_Brief_
Omit the pictures, then write out every entry exactly as it reads.

Caption-style text data

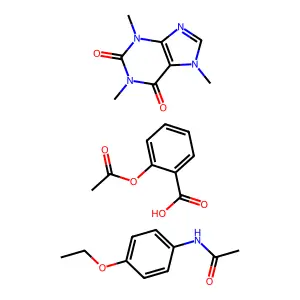 Benzoic acid, 2-(acetyloxy)-, mixt. with 3,7-dihydro-1,3,7-trimethyl-1H-purine-2,6-dione and N-(4-ethoxyphenyl)acetamide structure
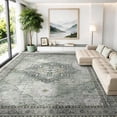 thumbnail image 1 of Area Rugs for Living Room, 9'x12' Washable Moroccan Low Pile Non-Slip Soft Green Print Pattern Rug for Bedroom Kitchen Dining Room Entryway, 1 of 9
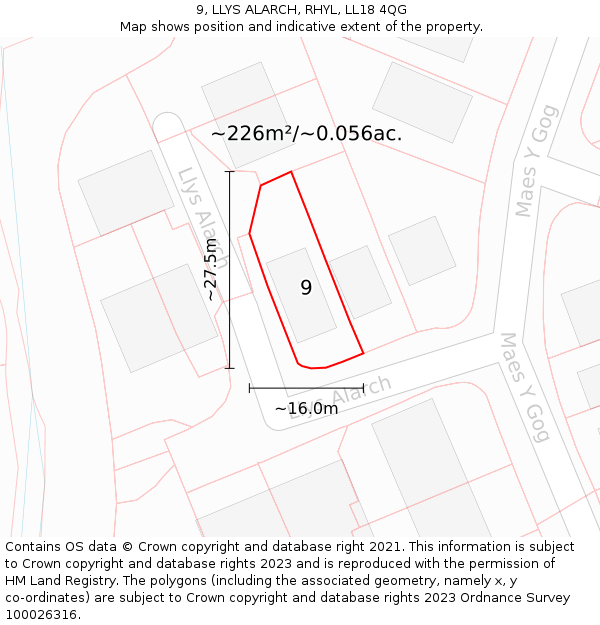 9, LLYS ALARCH, RHYL, LL18 4QG: Plot and title map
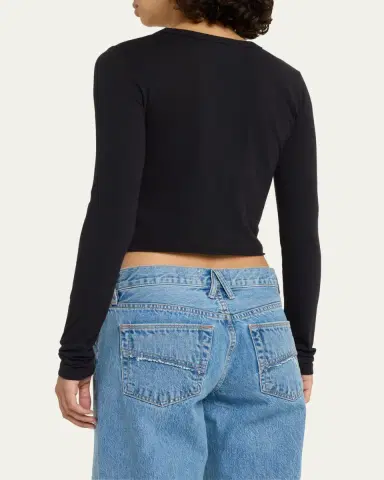 SLVRLAKE Long Sleeve Cropped Baby Tee | Thumbnail 3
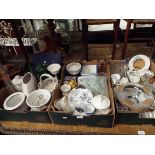 Three boxes of china and glass to include vases, dishes, plates, tea ware,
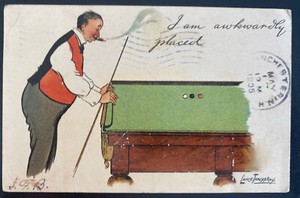 1905 Derby CY USA Picture Postcard Cover To Winchester NH Billiard Awkwardly Pla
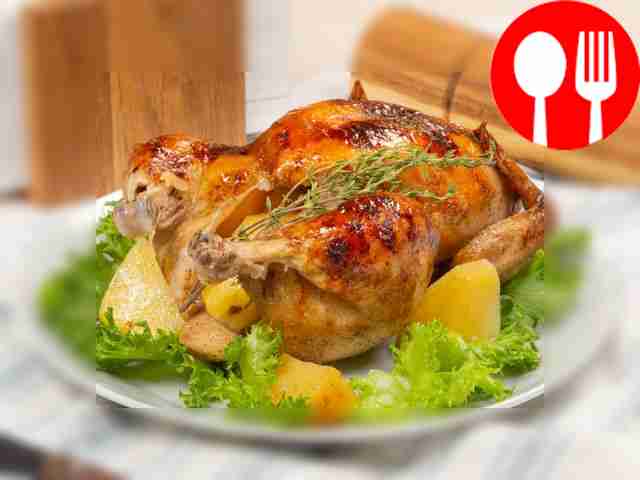 Курица, фаршированная картошкой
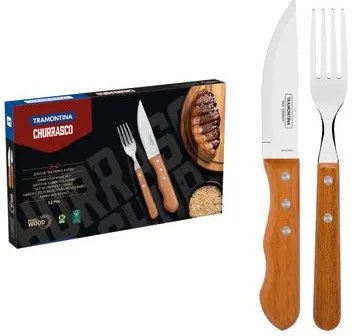 Jogo de Talheres para Churrasco em Aço Inox e Madeira 12 Peças Tramontina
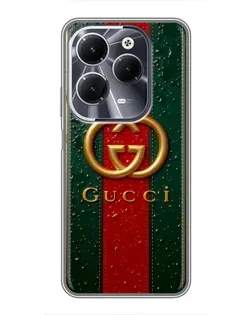 Чехол для Infinix Hot 40 с картинкой «Gucci — фирменная полоса и золото»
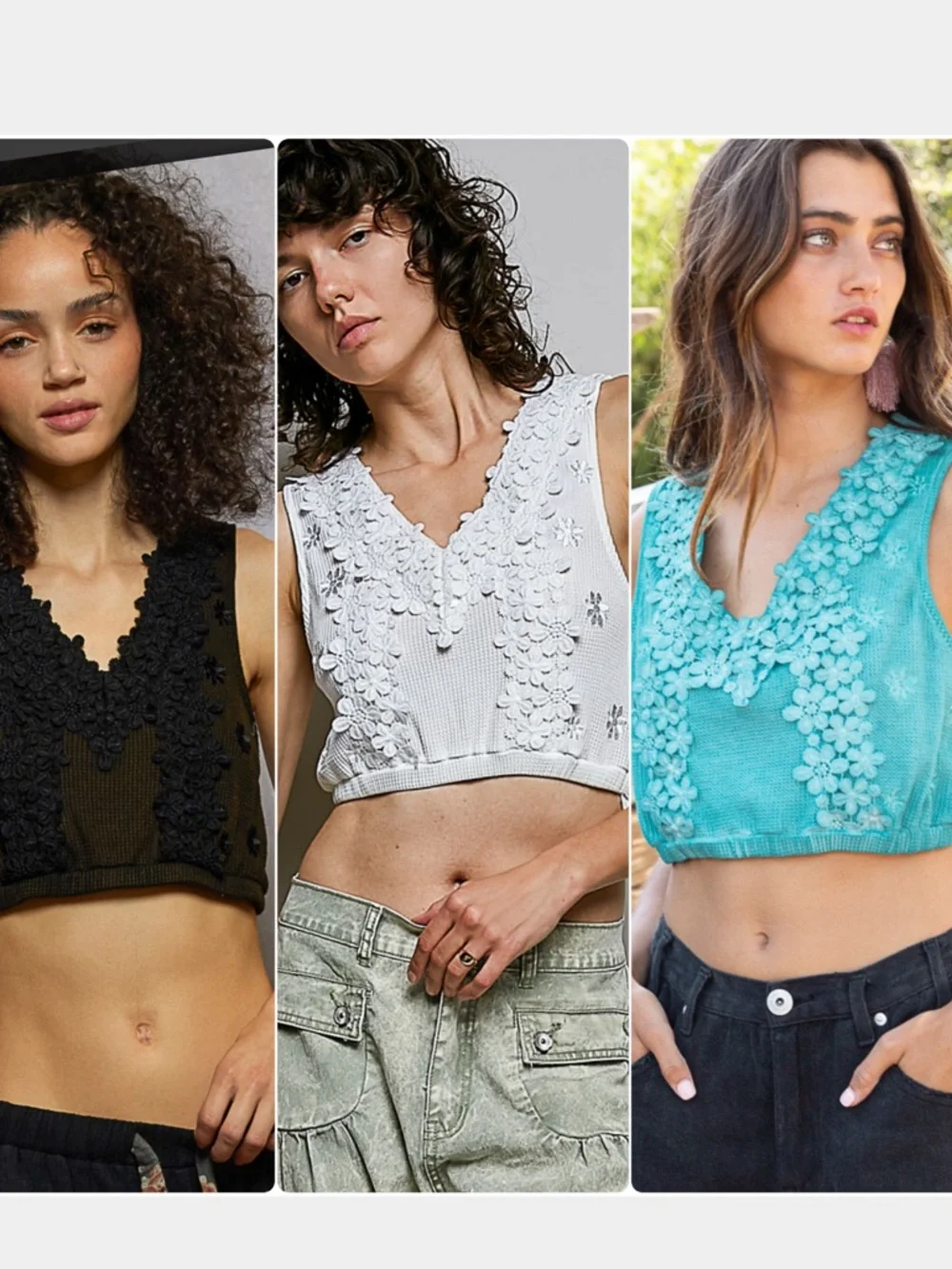 2/$35 🌺Clearance! Floral Appliqué V-Neck Cropped Tank Top - Picture 4 of 7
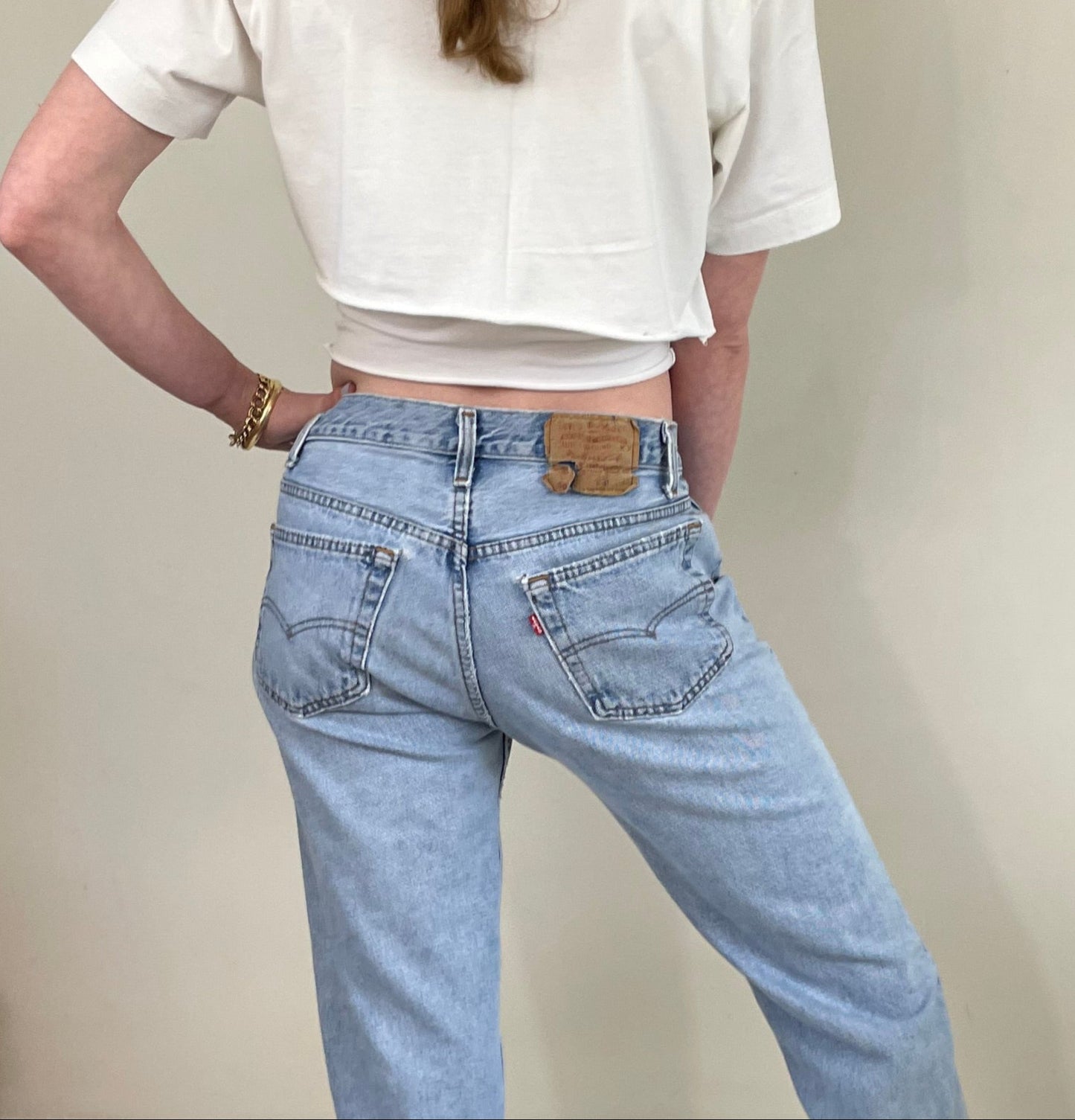vintage 70s Levi's 501 faded button fly boyfriend Levis red tab jeans 30 x 29
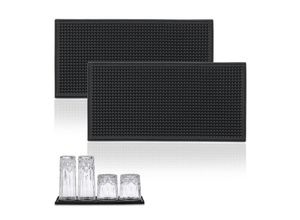 4052025451868 - Barmatte 2er Set mit Noppen 30 x 15 cm Abtropfmatte aus pvc Geschirr trocknen für Bar und Spüle schwarz - Relaxdays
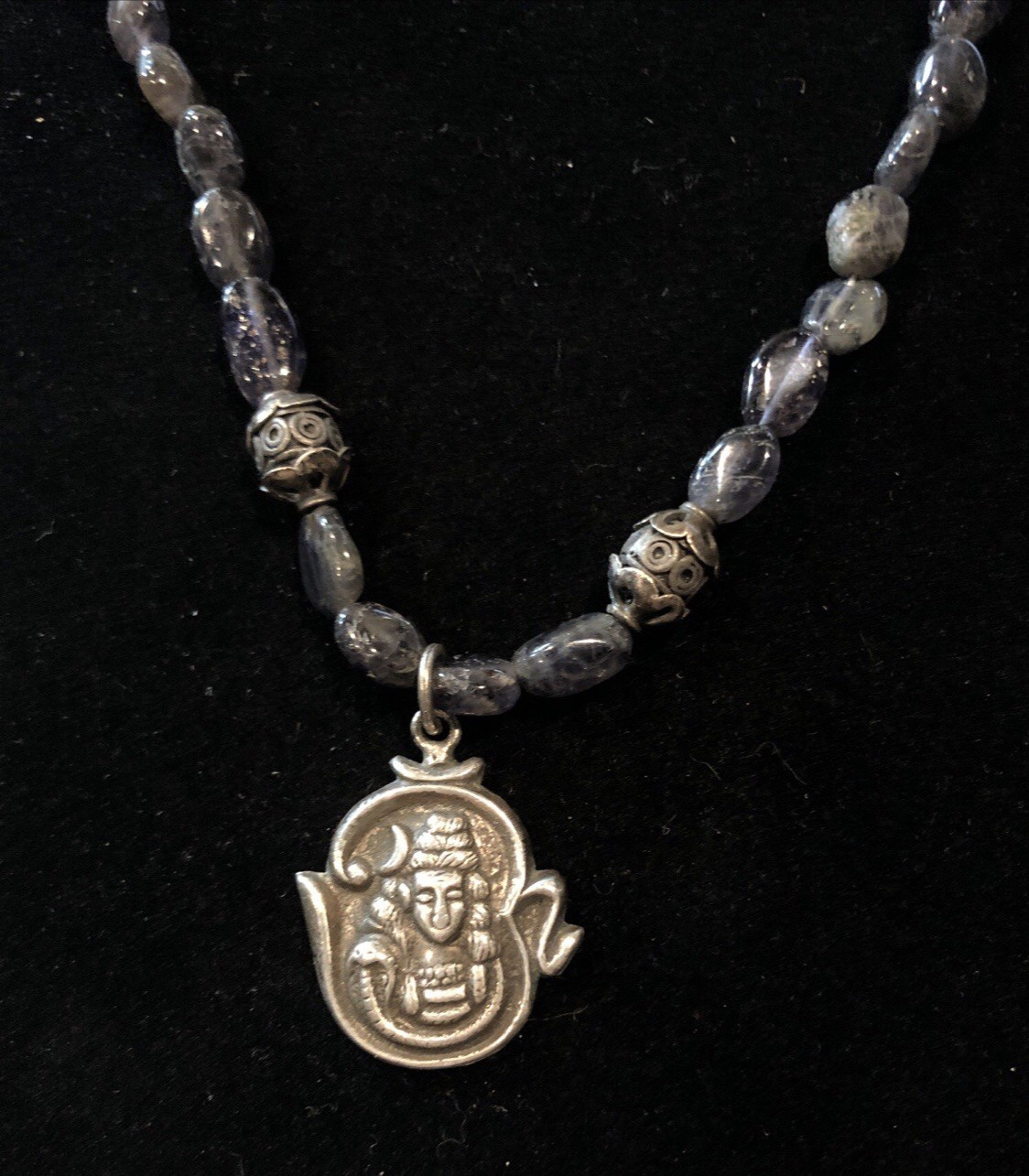 Sterling Silver 925 Buddha Pendant Purple Stone Necklace Ornate Accents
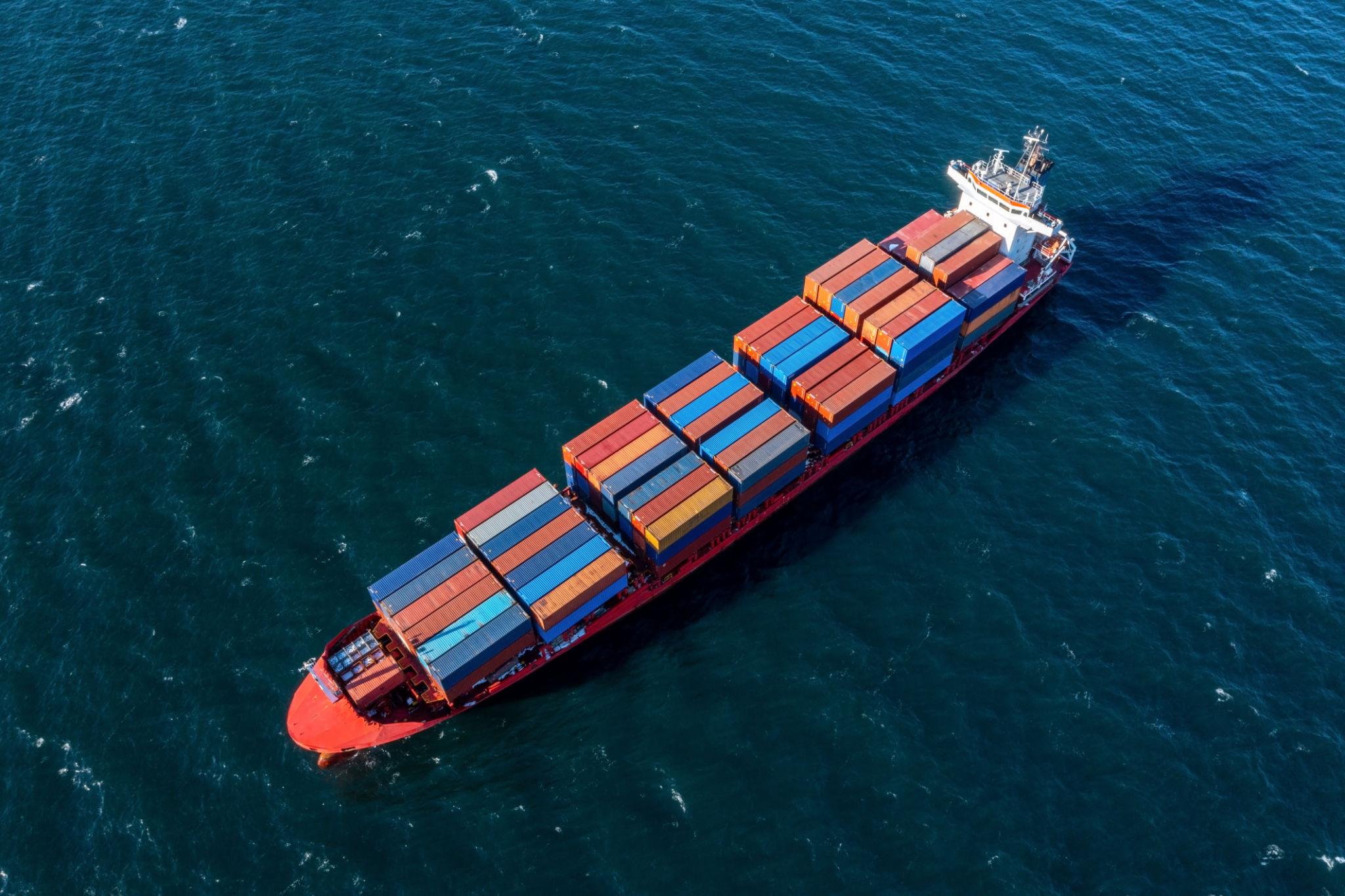 Container ship at a port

_Expected answer_
 Benzoic acid, 2-(acetyloxy)-, mixt. with 3,7-dihydro-1,3,7-trimethyl-1H-purine-2,6-dione and N-(4-ethoxyphenyl)acetamide structure
 thumbnail image 1 of Area Rugs for Living Room, 9'x12' Washable Moroccan Low Pile Non-Slip Soft Green Print Pattern Rug for Bedroom Kitchen Dining Room Entryway, 1 of 9
 9, LLYS ALARCH, RHYL, LL18 4QG: Plot and title map
 SLVRLAKE Long Sleeve Cropped Baby Tee | Thumbnail 3
 Three boxes of china and glass to include vases, dishes, plates, tea ware,
 1905 Derby CY USA Picture Postcard Cover To Winchester NH Billiard Awkwardly Pla
 Курица, фаршированная картошкой
 Jogo de Talheres para Churrasco em Aço Inox e Madeira 12 Peças Tramontina
 Чехол для Infinix Hot 40 с картинкой «Gucci — фирменная полоса и золото»
 2/$35 🌺Clearance! Floral Appliqué V-Neck Cropped Tank Top - Picture 4 of 7
vintage 70s Levi's 501 faded button fly boyfriend Levis red tab jeans 30 x 29
 4052025451868 - Barmatte 2er Set mit Noppen 30 x 15 cm Abtropfmatte aus pvc Geschirr trocknen für Bar und Spüle schwarz - Relaxdays
 Sterling Silver 925 Buddha Pendant Purple Stone Necklace Ornate Accents
 Container ship at a port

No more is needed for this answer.